(TASK REQUIREMENTS): A word-for-word copy of the records is needed, with every picture left out.

(SUPPLIED DATA):
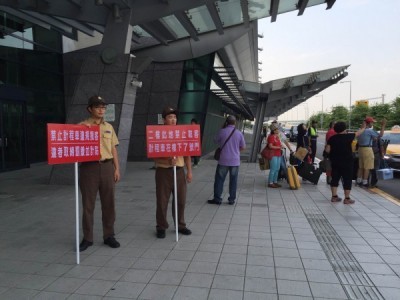 烏日高鐵站強佔地盤頻傳，警方強力宣導及取締。（記者楊政郡翻攝）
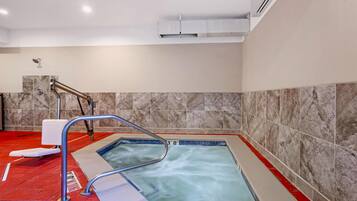 Kolam renang indoor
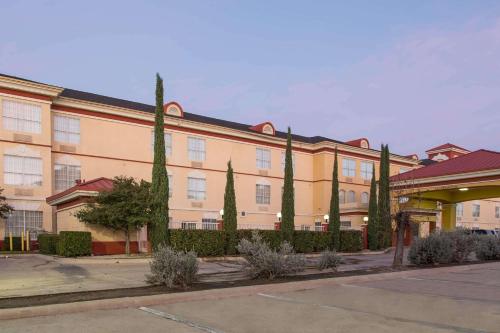 Фотография гостиницы Comfort Suites North Fossil Creek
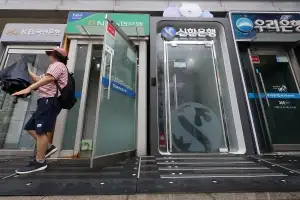 [생각 나눔] 은행, 앞으론 9시 30분에야 연다고? “반차 내야 가” “근로여건 개선 선도”
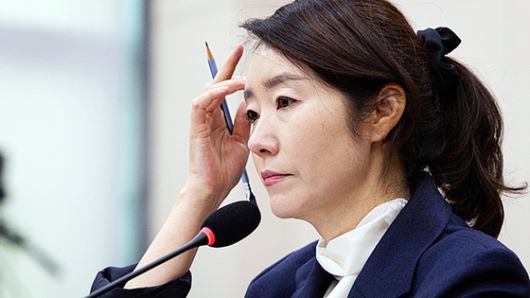 김병기 더불어민주당 대표 직무대행 겸 원내대표가 17일 오전 서울 여의도 국회에서 열린 정책조정회의에 참석해 모두 발언을 하고 있다. 뉴스1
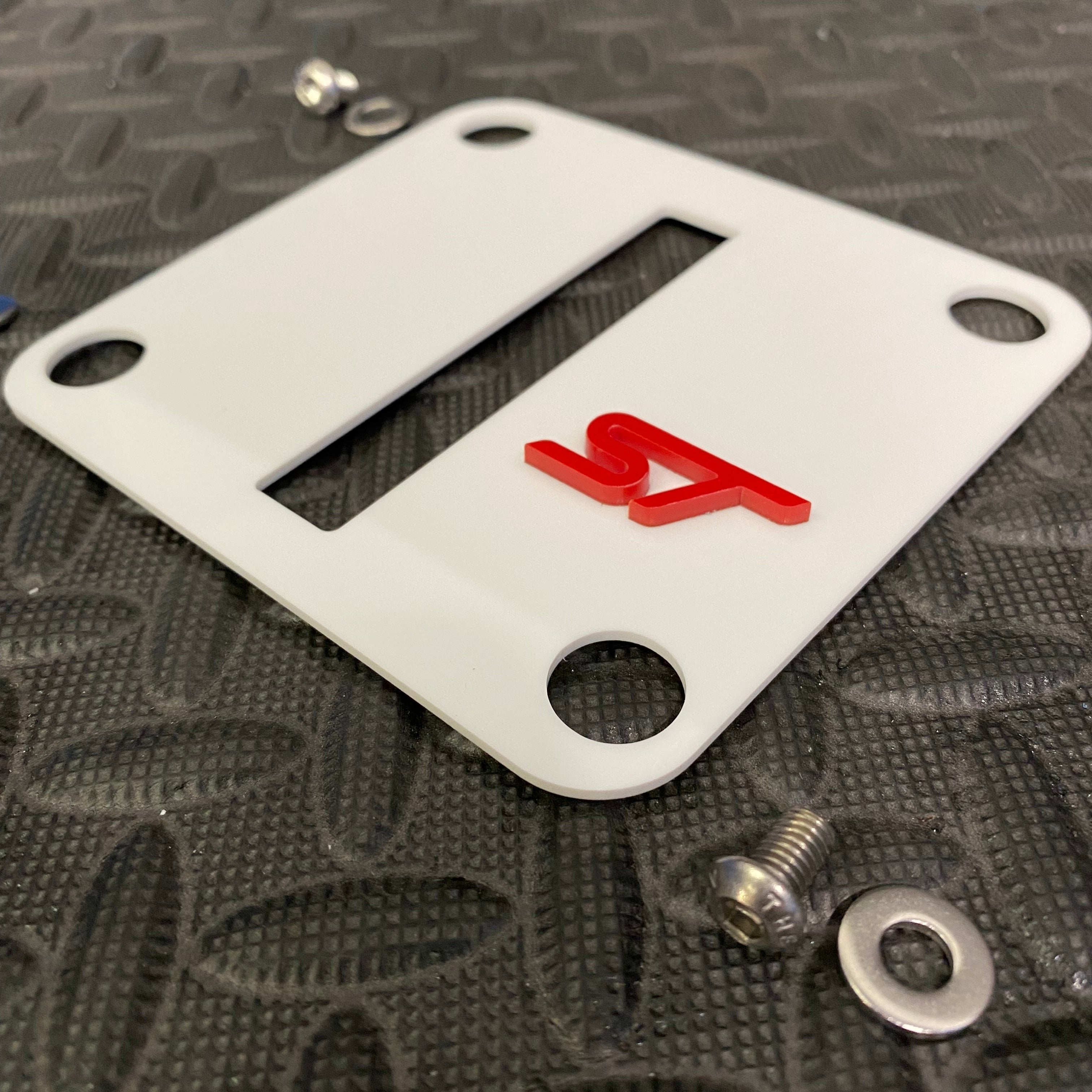 Proform Upper Bonnet Catch Plate - Mk6 Fiesta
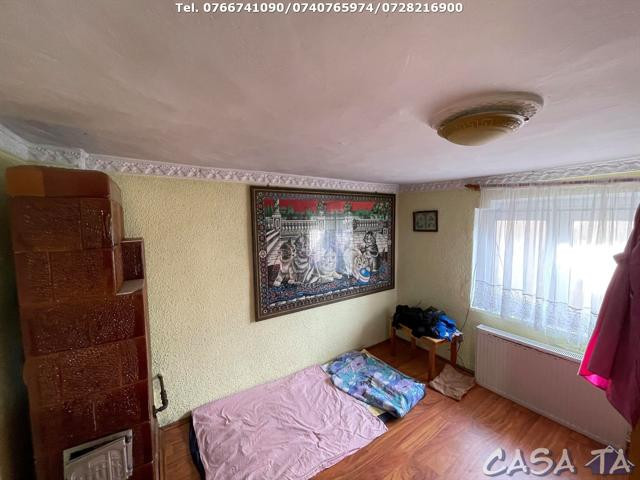 Casa + Anexe si Teren Aferent (800mp), Strada Ciocarlau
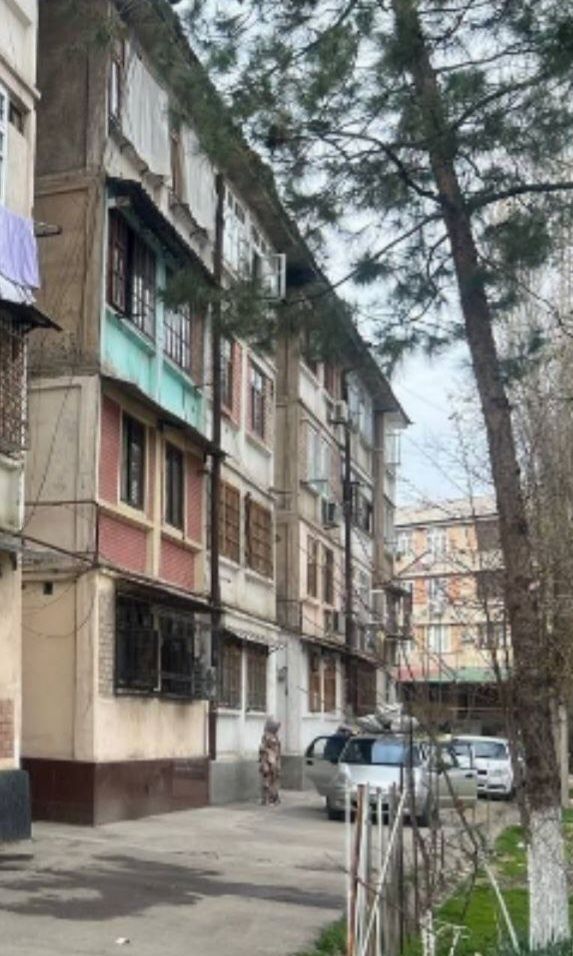 СРОЧНО! 4 хона дом сотилади. 4/3/4 Балкон 2х6, 1х3. Зангибува "Гулзор"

(EXERCISE SOLUTION):
 烏日高鐵站強佔地盤頻傳，警方強力宣導及取締。（記者楊政郡翻攝）
 Kolam renang indoor
 Фотография гостиницы Comfort Suites North Fossil Creek
 [생각 나눔] 은행, 앞으론 9시 30분에야 연다고? “반차 내야 가” “근로여건 개선 선도”
 김병기 더불어민주당 대표 직무대행 겸 원내대표가 17일 오전 서울 여의도 국회에서 열린 정책조정회의에 참석해 모두 발언을 하고 있다. 뉴스1
 Proform Upper Bonnet Catch Plate - Mk6 Fiesta
 Casa + Anexe si Teren Aferent (800mp), Strada Ciocarlau
 СРОЧНО! 4 хона дом сотилади. 4/3/4 Балкон 2х6, 1х3. Зангибува "Гулзор"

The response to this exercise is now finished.